On y croyait si fort

On y croyait si fort

Il ne pouvait en être autrement.
L’épreuve fut si rude, si brutale, si inimaginable, d’ailleurs pourquoi utiliser le passé alors que tout est encore au présent et si présent…
On y croyait si fort, sans le moindre doute possible telle une belle évidence, comme celle du jour et de la nuit, du soleil que se lève chaque matin.

On y croyait si fort qu’il ne pouvait en être autrement.

Nous n’avions pas vécu ce décompte insupportable chaque soir pour rien.
Les larmes versées de tous ceux qui ont vu partir, impuissants, leurs proches ne pouvaient tomber dans l’oubli, pire, dans une omission morbide et indécente.

Nous avions en tête comme le refrain d’une chanson qui revient en boucle et que l’on aime bien:
« rien ne sera plus comme avant »
« nous serons conscients, lucides et responsables »
« la liberté retrouvée rimera à jamais avec solidarité et entraide »
« nous saurons nous émerveiller d’un rayon de soleil, d’une fleur, du moindre souffle de vie »
« le vivre ensemble raisonnera comme un acquis car nous en avons déjà suffisamment payé lourdement le prix »

On y croyait si fort…
Mais le nombre de tombes, le décompte quotidien des morts, la liberté confinée n’a pas suffit.

Le brouhaha de notre quotidien passé est revenu plus rapidement qu’il ne faut pour le dire.
Notre mémoire s’est drapée d’une amnésie profonde en quelques secondes.
Le civisme est tombé à terre, jeté dans les caniveaux au sens propre comme au sens figuré.

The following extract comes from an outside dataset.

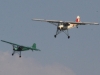 storch-002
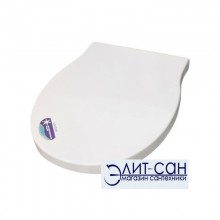 Крышка-сиденье Сантек АЛЛЕГРО 1.WH30.2.438 быстросъемная с микролифтом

L’intolérance de la différence de peau, de religion, d’être, tout simplement, est venue à nouveau s’installée à la une. Les rues bondées de cris demandant le droit de vivre libre pour tous et dignement dans le respect raisonnent à nouveau comme une chanson triste que nous connaissons par coeur.

On y croyait si fort à ce monde d’après, plus beau, plus compréhensif.

24 heures ont suffit pour balayer l’espoir.

Pourtant on y croyait si fort … Mais apparemment pas assez puisque aujourd’hui nous sommes genoux à terre.

Des questions ? Pas de questions ? Non juste une immense tristesse.